尹錫悦(ユン・ソンニョル)前大統領夫人の金建希(キム・ゴンヒ)氏を巡る京畿道楊平郡の「公興地区開発便宜供与疑惑」で取り調べを受けていた公務員の男性(57)が自宅で死亡しているのが発見されたことに関連し、金建希氏を巡る特別検察官が強圧的な捜査のほか、深夜に違法な取り調べを行った疑いが強まっている。

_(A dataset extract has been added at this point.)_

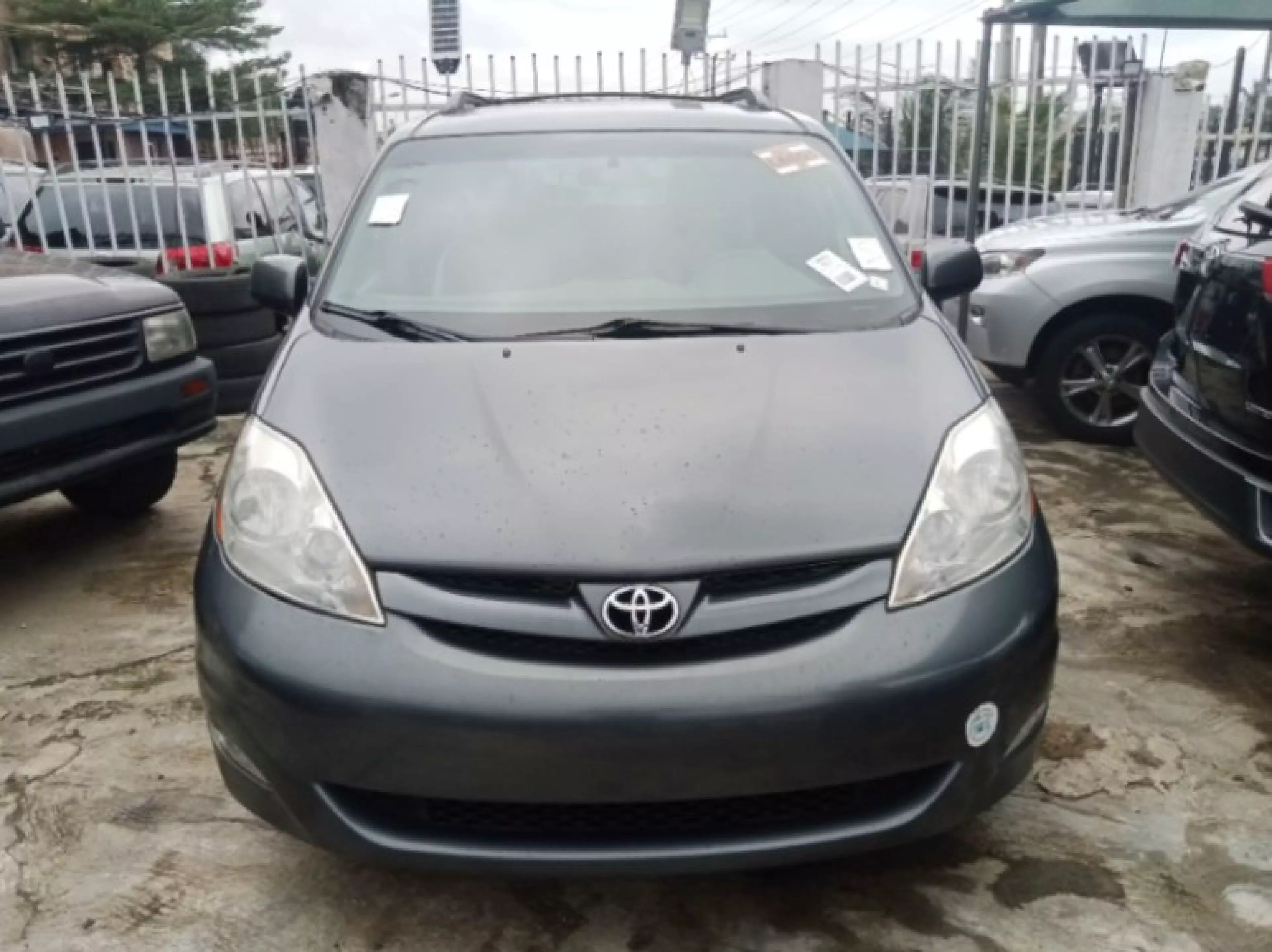 Toyota Sienna - 2008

【表】取り調べ受けた公務員男性が自死 特別検察官と遺族側の主張
死亡したのは楊平郡庁に勤務する男性(57)。男性に対する捜査は、判事から選出された特別検察官補と検察経歴のない弁護士2人、警察官で構成された捜査班が担当した。捜査班の構成が無理な捜査につながったのではないかとする指摘が法律専門家の間から出ている。警察は死因を解明するため、13日にも男性の司法解剖を行う予定だ。男性が残した遺書を遺族に公開していないことも論議を呼んでいる。
■強圧捜査、深夜の取り調べはあったのか
男性は2日午前10時から特別検察官による取り調べを受け、深夜午前0時を過ぎてようやく取り調べ室を出た。男性は3日午前3時20分ごろ、自宅で「知らない、覚えていないと言っても急き立てる。事実を言っても嘘だという」「捜査官の強圧で全く記憶にもない供述をした」「郡守(郡の首長)の指示は特になかったと言っても追及された」 といったメッセージを残した。

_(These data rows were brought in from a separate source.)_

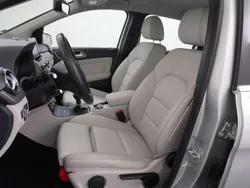 Grijs Gebruikt 2017 Mercedes B180 Ambition MPV | € 10.395 (Eerlijke prijs)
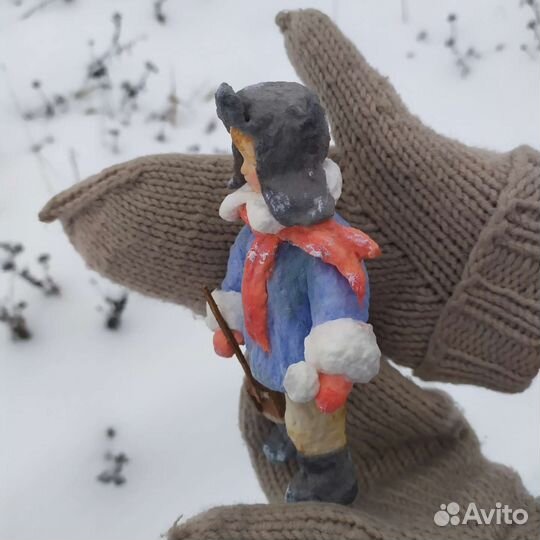 Мальчик с лопаткой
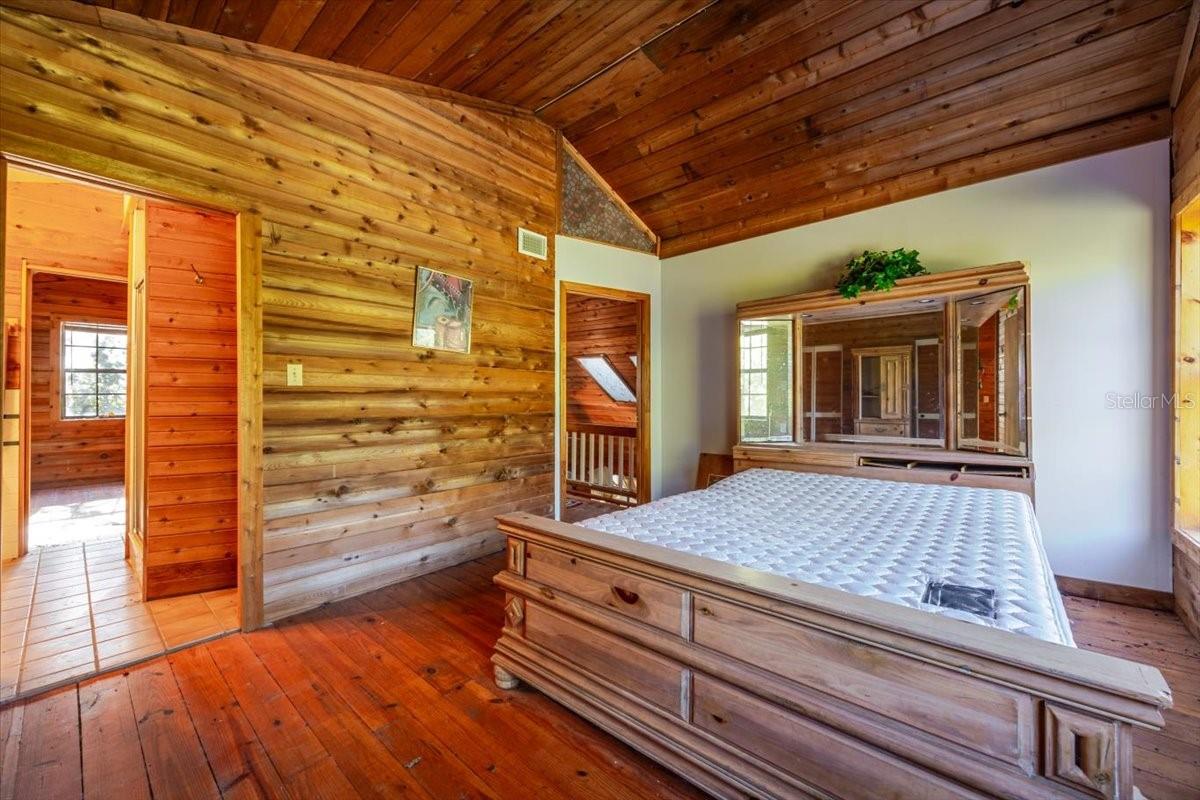 Image 24 of 37 For 9510 Oak Court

問題の疑惑は金建希氏の家族が経営するESI&Dが2011年から16年にかけ、楊平郡公興里一帯の開発事業を行うに当たり、開発負担金の免除などを受けたとされるものだ。特別検察官は郡側で事業の担当責任者だった男性に、当時楊平郡長だった金善教(キム·ソンギョ)国会議員(国民の力)の指示があったという供述を強要したと受け止められている。これについて、特別検察官は「既に別人から得た供述を確認するための取り調べだったので、強圧的な雰囲気ではなく、(男性を)懐柔する必要もなかった」としている。
法律専門家は「他の事件関係者の供述を確認するために深夜まで取り調べを行ったのは、欲しい供述が聞かれるまで同じ質問を繰り返したのではないか」と疑問を呈した。
深夜に取り調べを行ったことの適法性も論議を呼んでいる。人権保護捜査規則などによれば、午後9時から午前6時までは取り調べを原則的に禁止するが、被疑者などの要求がある場合、深夜に取り調べを行うことも可能だと定めている。男性側のパク・キョンホ弁護士は「取り調べの翌日、男性は同意なしに深夜の取り調べを受けたと話した」と主張した。しかし、特別検察官は2日午後8時50分ごろ、男性の同意を得て取り調べを行ったとの立場だ。取り調べ終了時刻についても、男性側は3日午前1時15分に終了したと主張したが、特別検察官は2日午後10時40分に終了し、11時10分から調書閲覧が始まり、3日午前0時52分ごろに全ての手続きが終わったと説明した。男性は自筆のメモに「12時が過ぎたのに捜査(取り調べ)を続けた」と書いた。